* _RECORDED INFORMATION_:
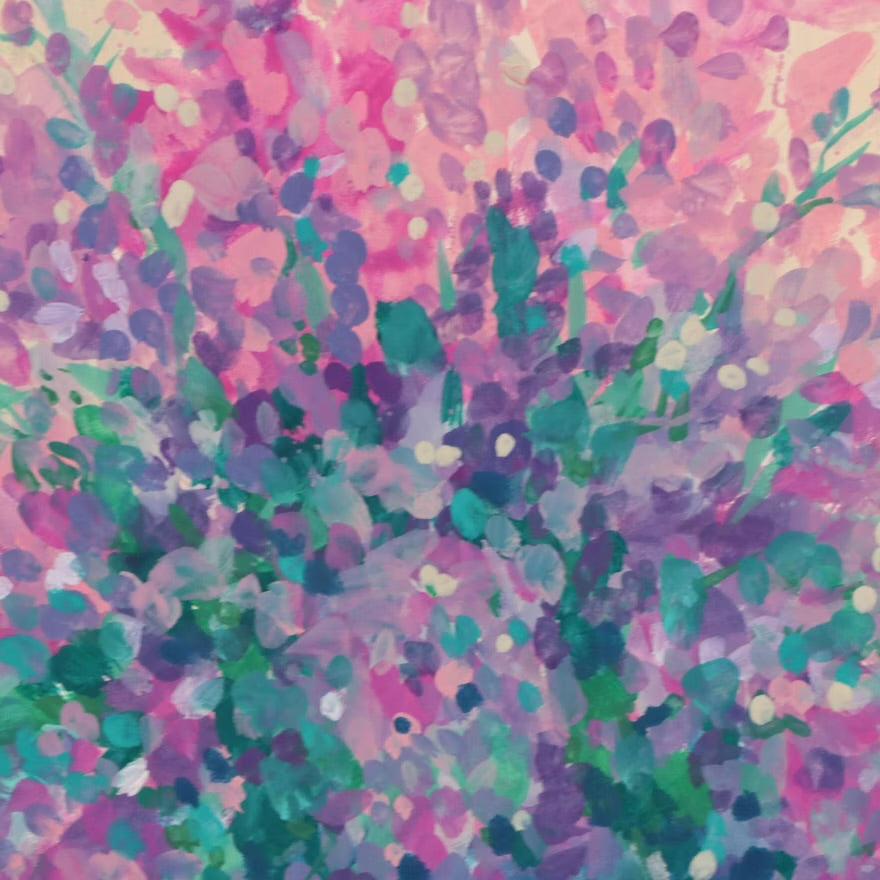 Ursula Brenner Floral Monotypes, 1993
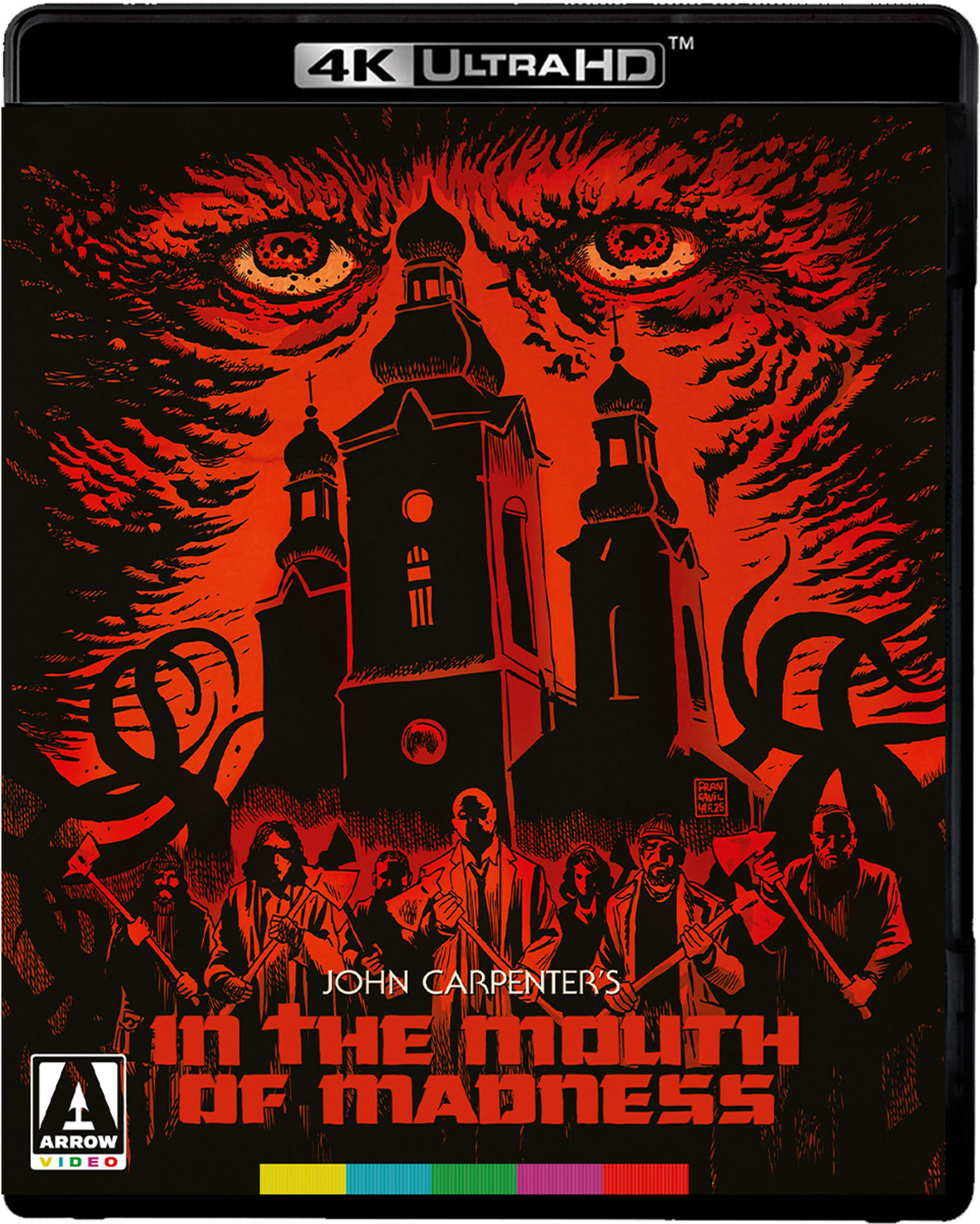 In the Mouth of Madness (4K UHD)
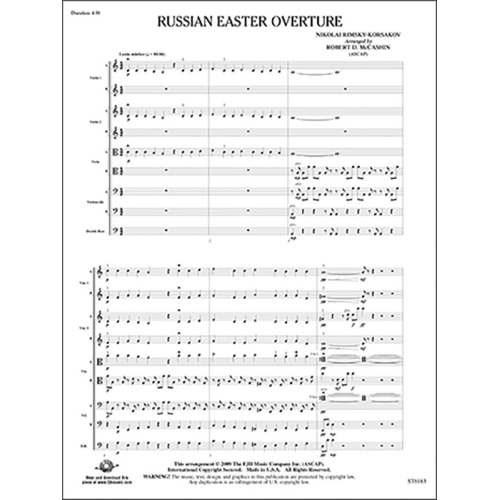 Nikolai Rimsky-Korsakov - RiRussian Easter Overture
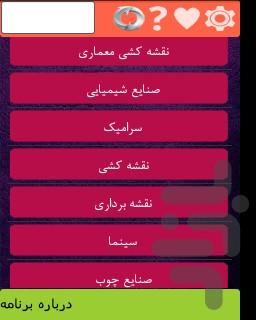 restedaneshgah - Image screenshot of android app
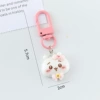 Oval buckle-pink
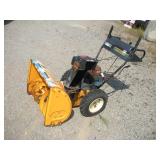CUB CADET 826 26IN GAS POWERED SNOW BLOWER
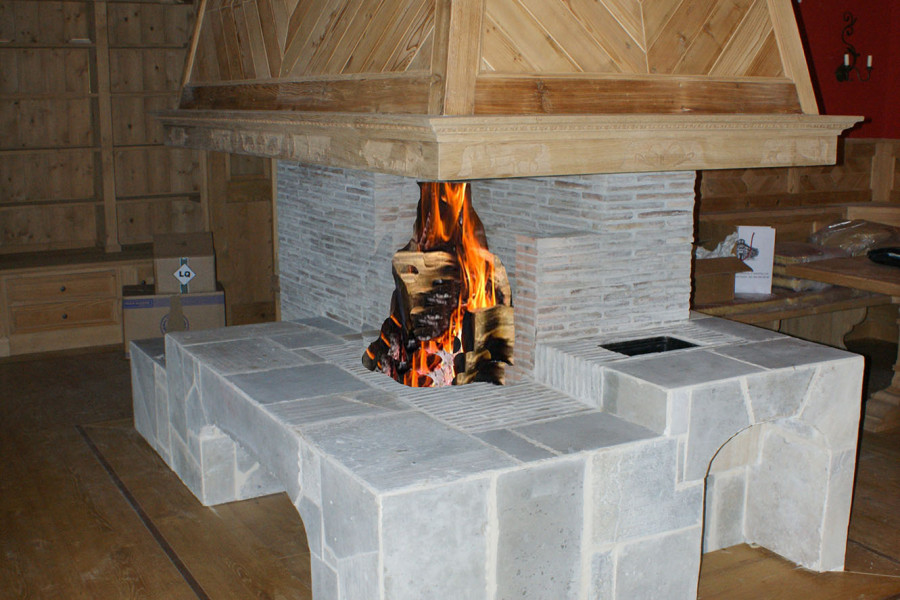Cheminée und Feuerstellen - Kanton Graubünden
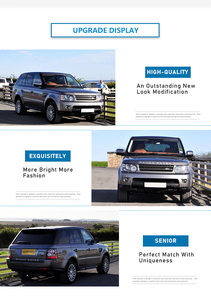 Felendo vendita calda parti auto lifting per <span class=keywords><strong>Range</strong></span> <span class=keywords><strong>Rover</strong></span> <span class=keywords><strong>Sport</strong></span> 2010 autobiografia L320 Body Kit <span class=keywords><strong>accessori</strong></span> - Product Image 4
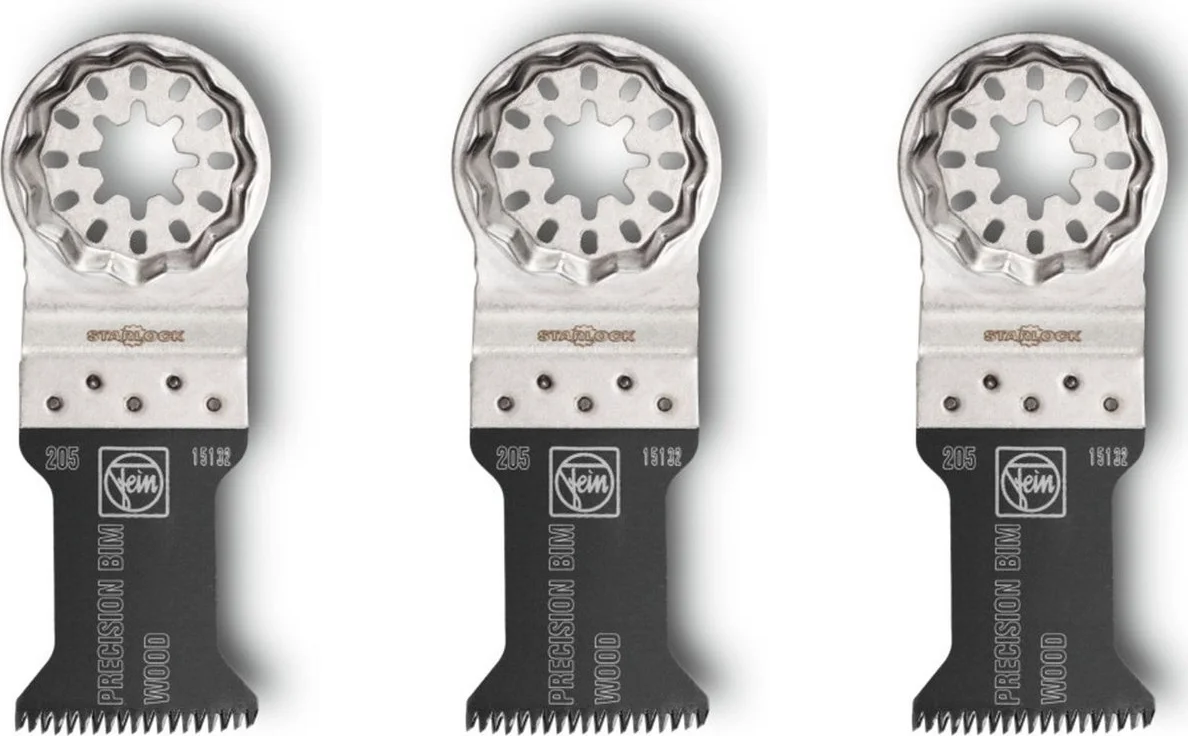 Fein Starlock E-Cut Precision BIM-zaagblad 50x35mm VE=3 - 63502205220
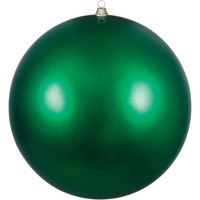 20" Giant Emerald Matte Ornament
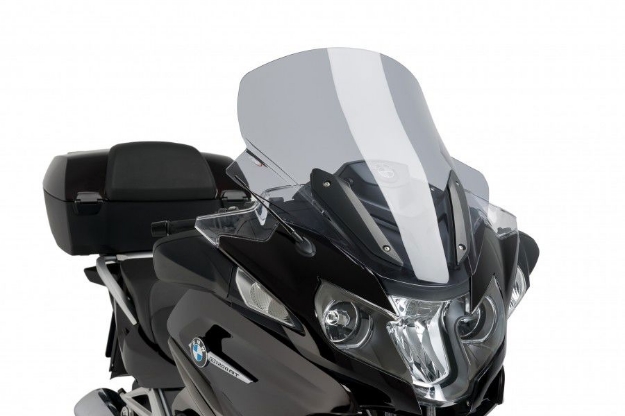 Afbeeldingen van Vervangingsruit touring Puig BMW R1200RT / R1250RT / K1600GT/ GTL -licht getint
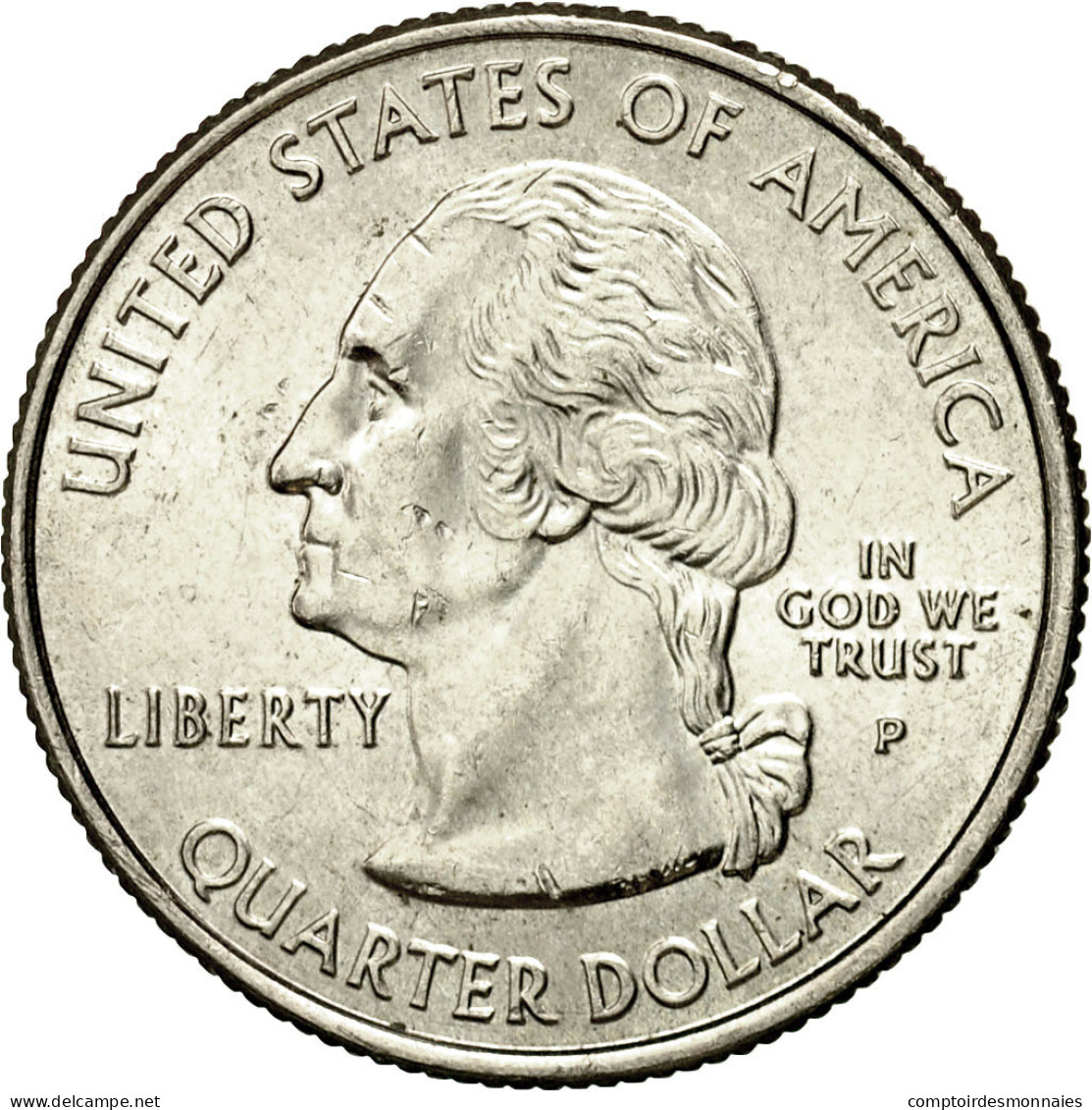 Monnaie, États-Unis, Quarter, 2004, U.S. Mint, Philadelphie, SUP+ - 1999-2009: State Quarters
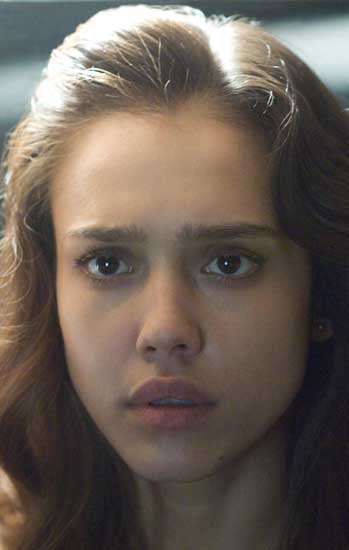Jessica Alba The eye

* _EXERCISE INSTRUCTIONS_: Your answer must reproduce exactly the lines from the line with "Emerald Matte Ornament" through the end of the material, both ends included, with every picture dropped.

* _ANSWER BOX_:
 20" Giant Emerald Matte Ornament
 Afbeeldingen van Vervangingsruit touring Puig BMW R1200RT / R1250RT / K1600GT/ GTL -licht getint
 Monnaie, États-Unis, Quarter, 2004, U.S. Mint, Philadelphie, SUP+ - 1999-2009: State Quarters
Jessica Alba The eye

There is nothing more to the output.